_YOUR INSTRUCTIONS_. Beneath this line is the data. Output exactly the lines from the line with "Convite Anéis de" to the line with "245TG High TG", both ends included, and nothing more.

_RECORDED DATA_.

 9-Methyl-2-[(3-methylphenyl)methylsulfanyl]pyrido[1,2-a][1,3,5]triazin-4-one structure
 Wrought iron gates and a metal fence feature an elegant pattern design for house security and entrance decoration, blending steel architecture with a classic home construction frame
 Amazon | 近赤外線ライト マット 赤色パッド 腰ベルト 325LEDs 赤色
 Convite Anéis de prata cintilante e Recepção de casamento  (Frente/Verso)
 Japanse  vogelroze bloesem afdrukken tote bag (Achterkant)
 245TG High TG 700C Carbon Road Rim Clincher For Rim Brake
---
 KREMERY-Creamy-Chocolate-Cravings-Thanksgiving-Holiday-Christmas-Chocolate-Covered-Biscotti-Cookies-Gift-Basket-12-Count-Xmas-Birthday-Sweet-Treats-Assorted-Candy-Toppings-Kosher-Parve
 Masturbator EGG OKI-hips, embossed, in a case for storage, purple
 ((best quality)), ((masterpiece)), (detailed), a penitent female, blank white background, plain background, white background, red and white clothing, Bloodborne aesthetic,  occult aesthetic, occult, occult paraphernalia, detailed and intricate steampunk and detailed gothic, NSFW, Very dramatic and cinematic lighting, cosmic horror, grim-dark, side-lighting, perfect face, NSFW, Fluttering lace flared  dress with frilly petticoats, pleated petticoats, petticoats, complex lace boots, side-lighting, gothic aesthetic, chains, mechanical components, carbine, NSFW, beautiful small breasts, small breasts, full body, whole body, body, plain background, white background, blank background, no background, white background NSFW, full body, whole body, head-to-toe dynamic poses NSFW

_COMPLETED EXERCISE_.
 Convite Anéis de prata cintilante e Recepção de casamento  (Frente/Verso)
 Japanse  vogelroze bloesem afdrukken tote bag (Achterkant)
 245TG High TG 700C Carbon Road Rim Clincher For Rim Brake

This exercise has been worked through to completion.